- _Exercise goal_
Reproduce only what runs from the line containing "Rants, Raves: Saddam" to the line containing "2925 West Almeria" in the records below, inclusive. Keep it exact, and keep the pictures out.

- _Material supplied_
* * * *
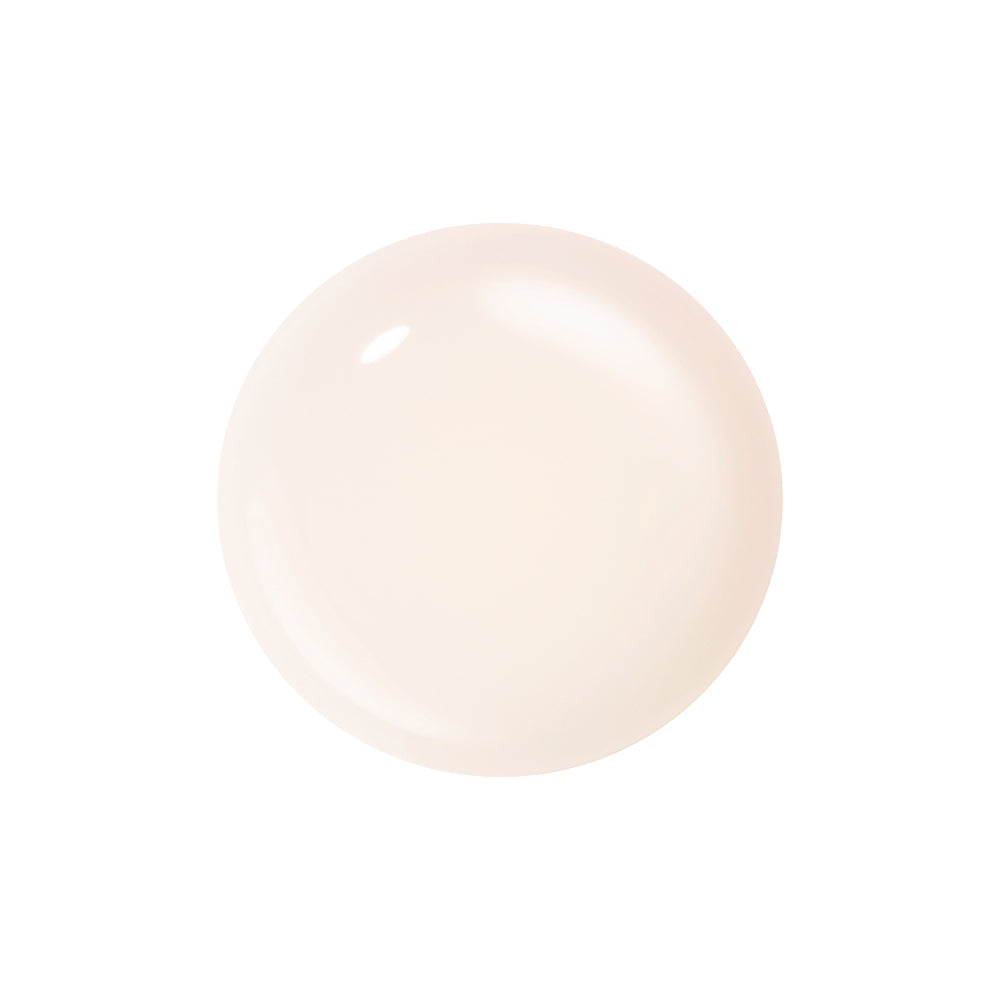 Shiseido Future Solution LX Concentrated Brightening Softener 170ml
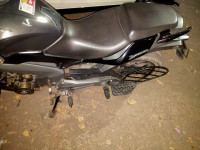 Bajaj Dominar 400 Disc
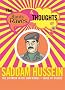 Rants, Raves: Saddam Hussein (Rants Raves and Thoughts)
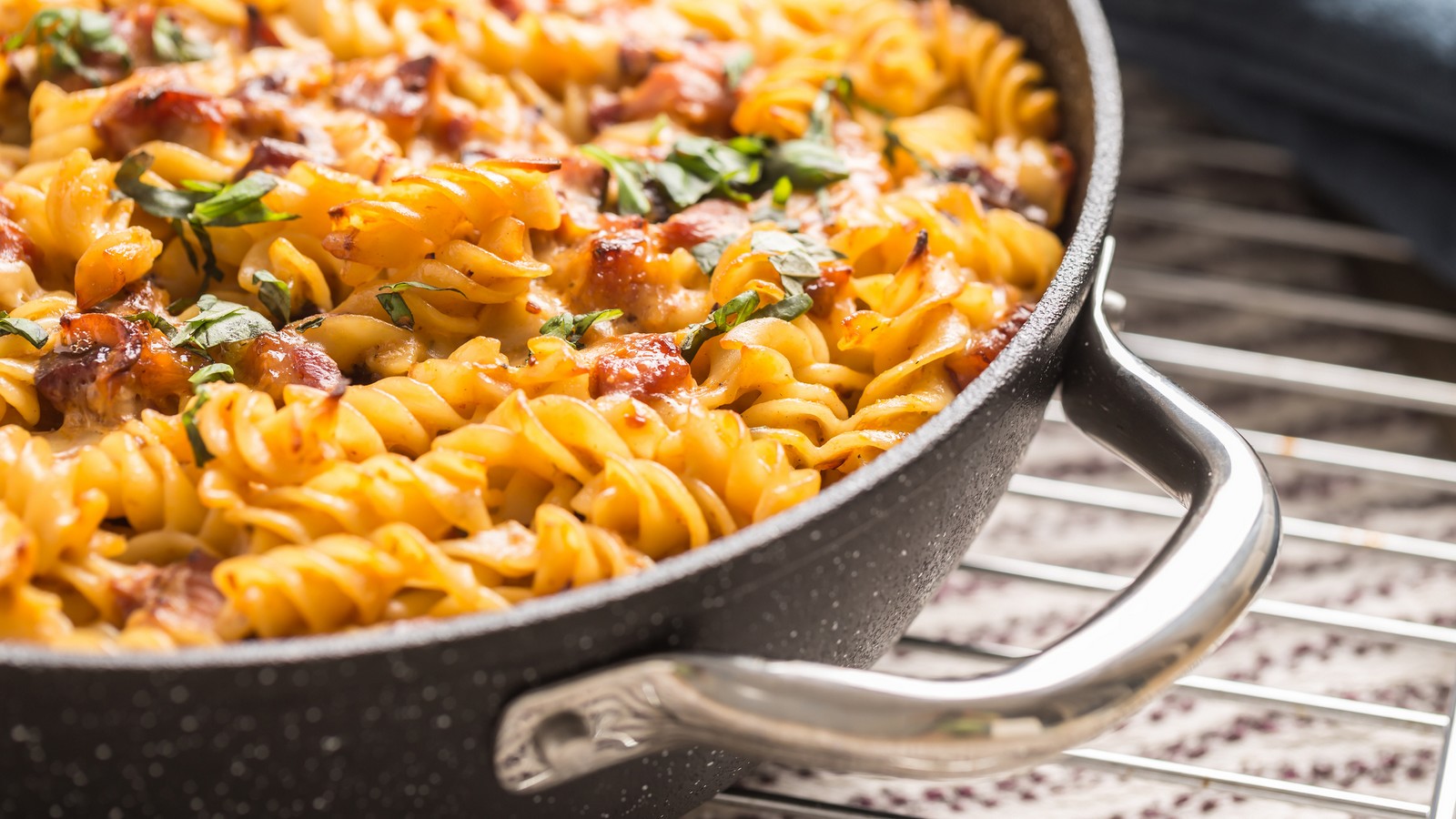 Pasta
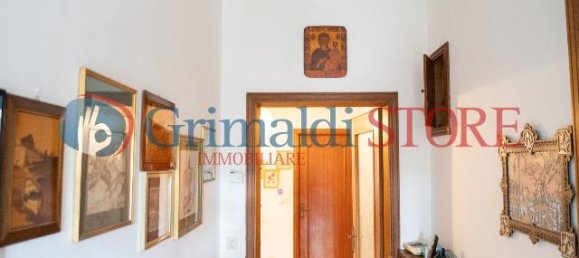 4-Zimmer Wohnung in Lecce, Italy, Nr. 14815 26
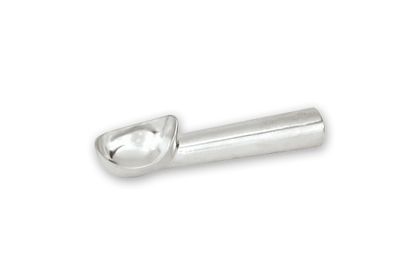 Ice-Cream Scoop Aluminium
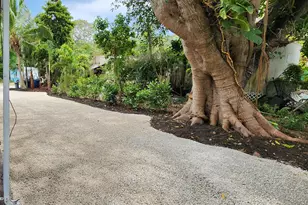 41 Tina Pl, Key Largo, FL 33037 - Photo 3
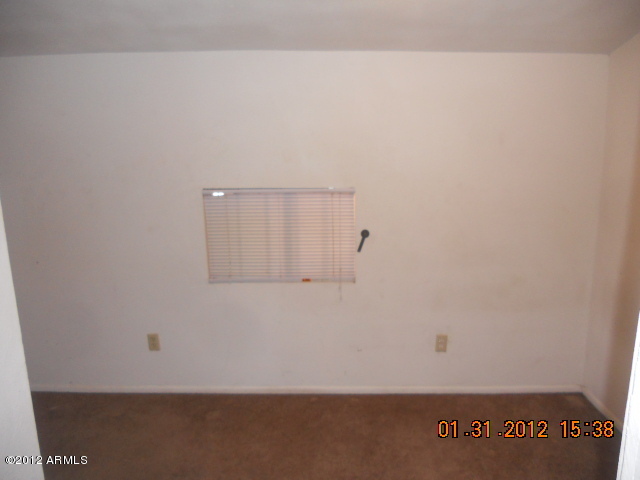2925 West Almeria Road Phoenix, AZ 85009 - Photo 7 of 16 bedroom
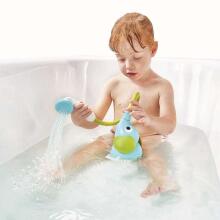 Yookidoo Shower Elephant Blue Art.40159 Душ для детей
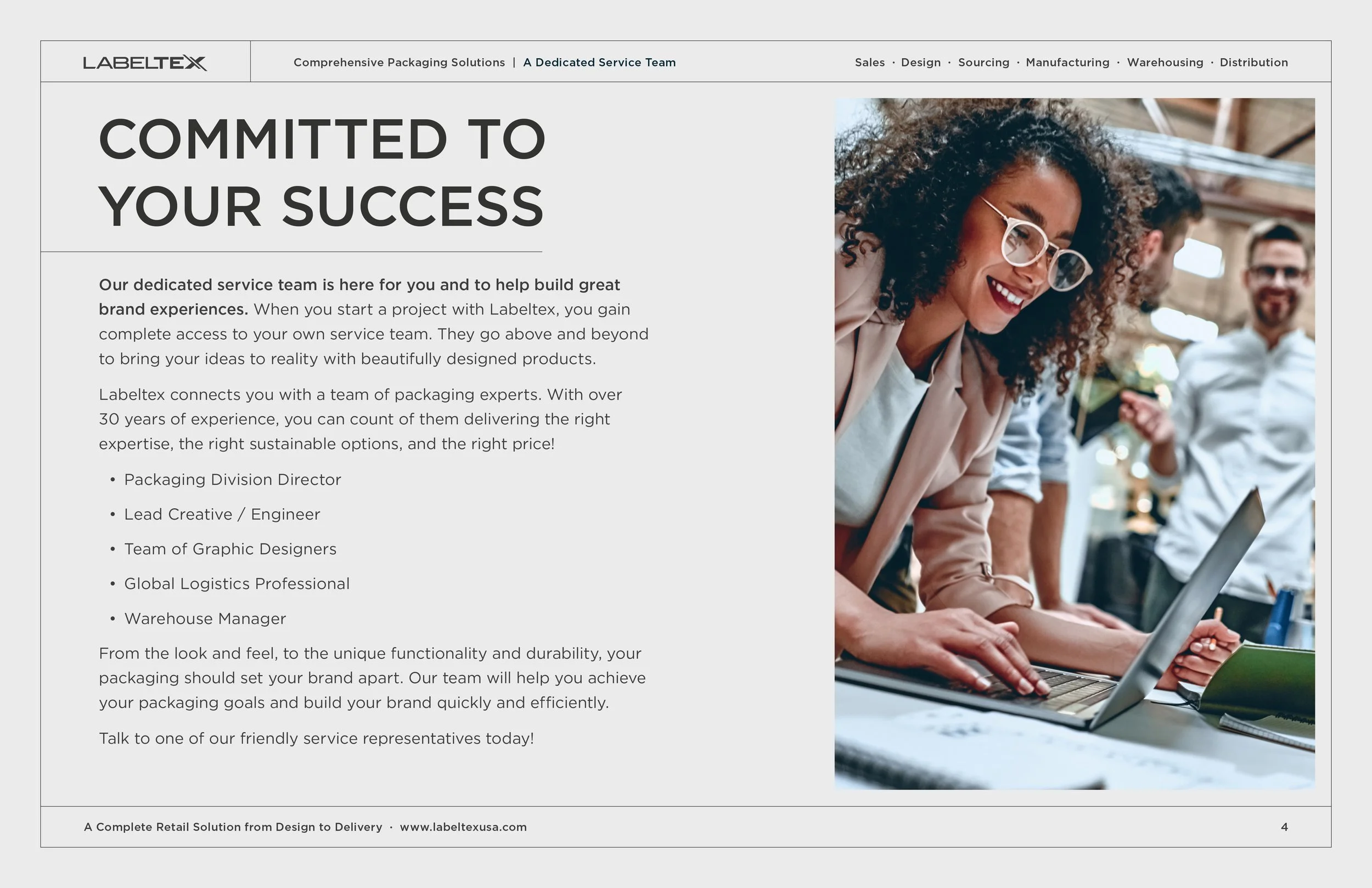 LABELTEX PACKAGING BROCHURE4.jpg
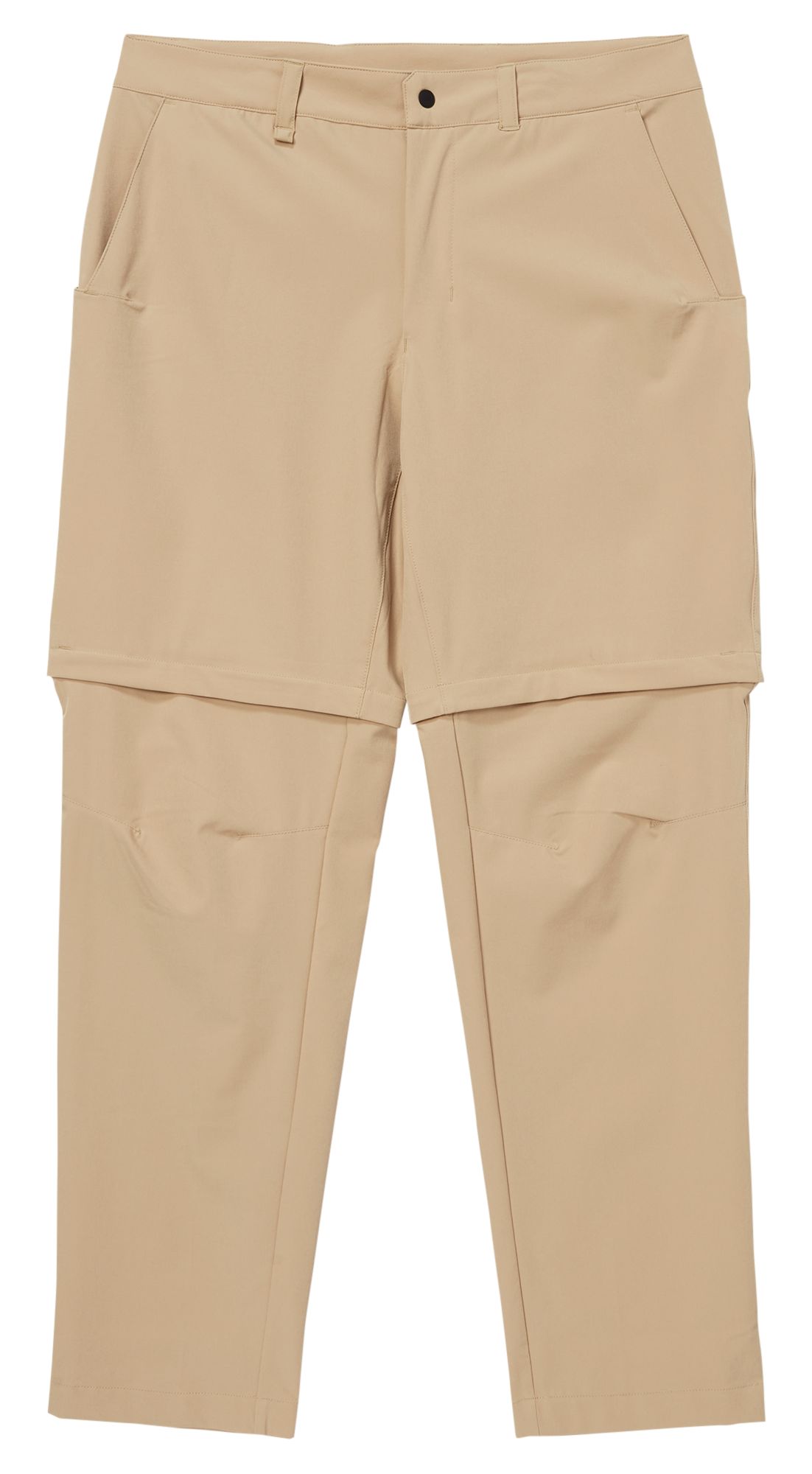 KHAKI STONE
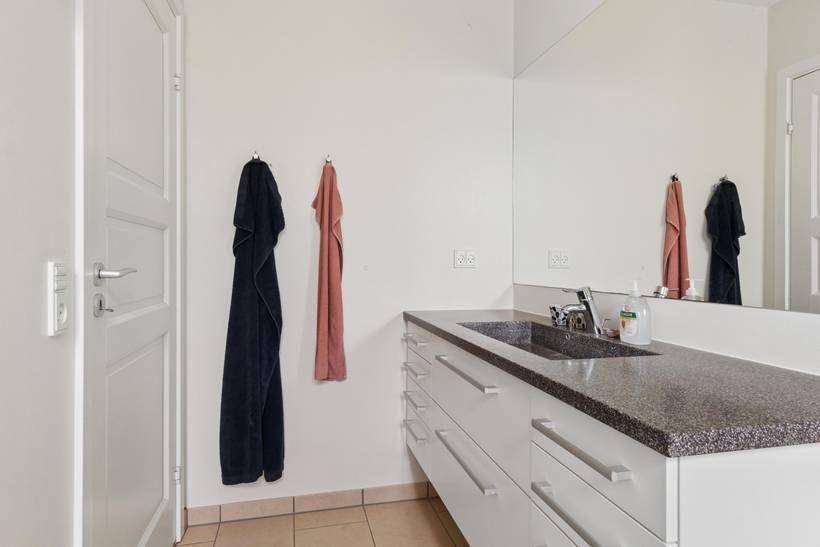 Foto von Ferienhaus KU58 in Sejerø Bugt - Westseeland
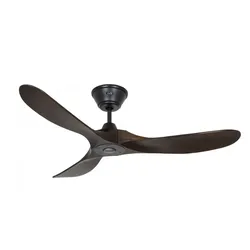 Casafan Deckenventilator Eco Genuino 122 MS-NB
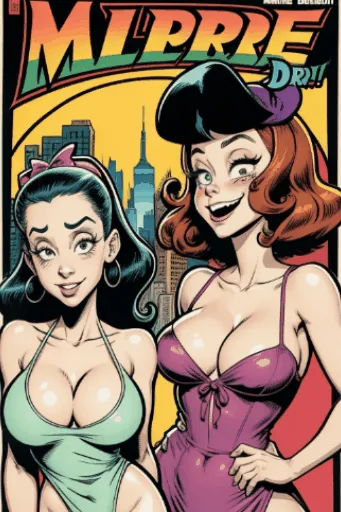 Item #104348515199905971473847019931601221134828437873504047838800508064182361391179 Media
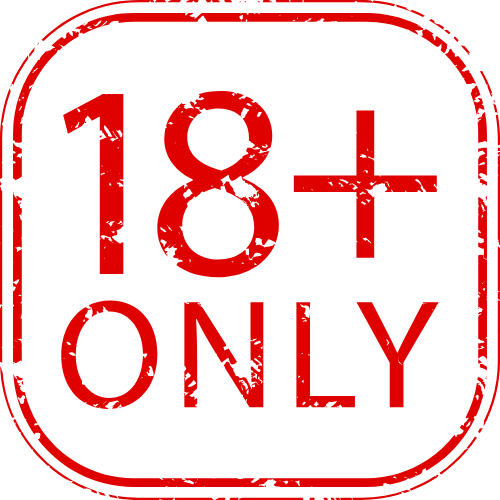 Rober777xxl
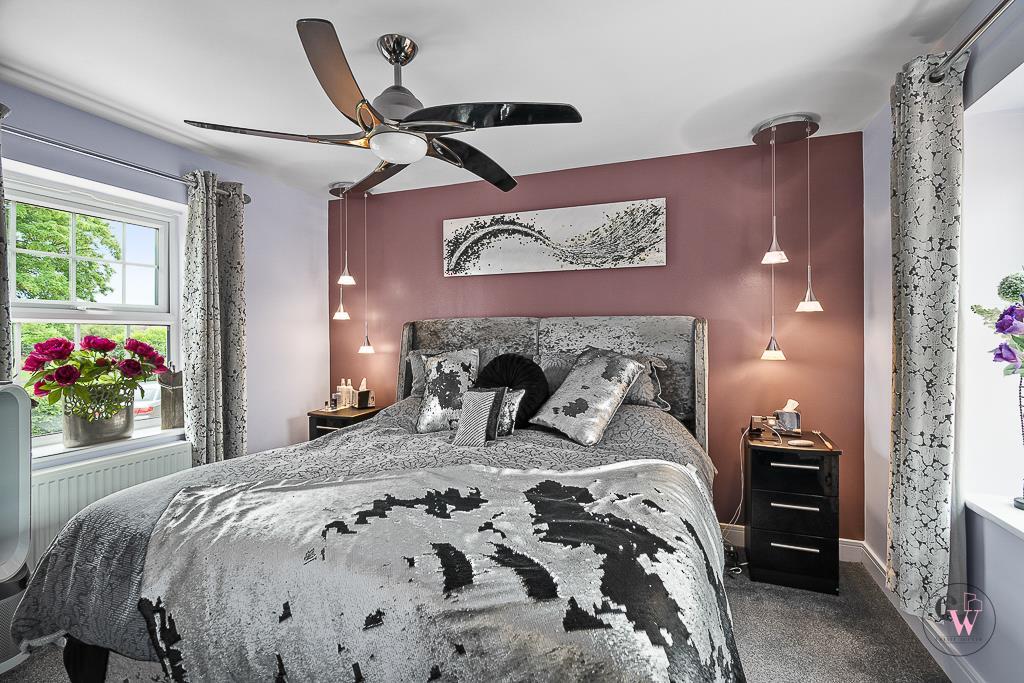 Additional image 27 of Redwing Street, Winsford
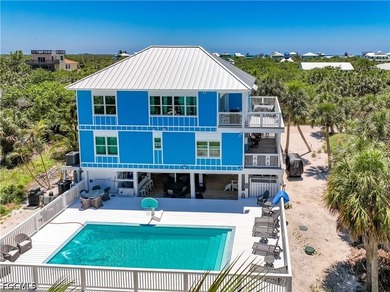 Just Move Right In to this fully remodeled, turn-key, Luxury - photo 4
* * * *
- _Task output_
 Rants, Raves: Saddam Hussein (Rants Raves and Thoughts)
 Pasta
 4-Zimmer Wohnung in Lecce, Italy, Nr. 14815 26
 Ice-Cream Scoop Aluminium
 41 Tina Pl, Key Largo, FL 33037 - Photo 3
2925 West Almeria Road Phoenix, AZ 85009 - Photo 7 of 16 bedroom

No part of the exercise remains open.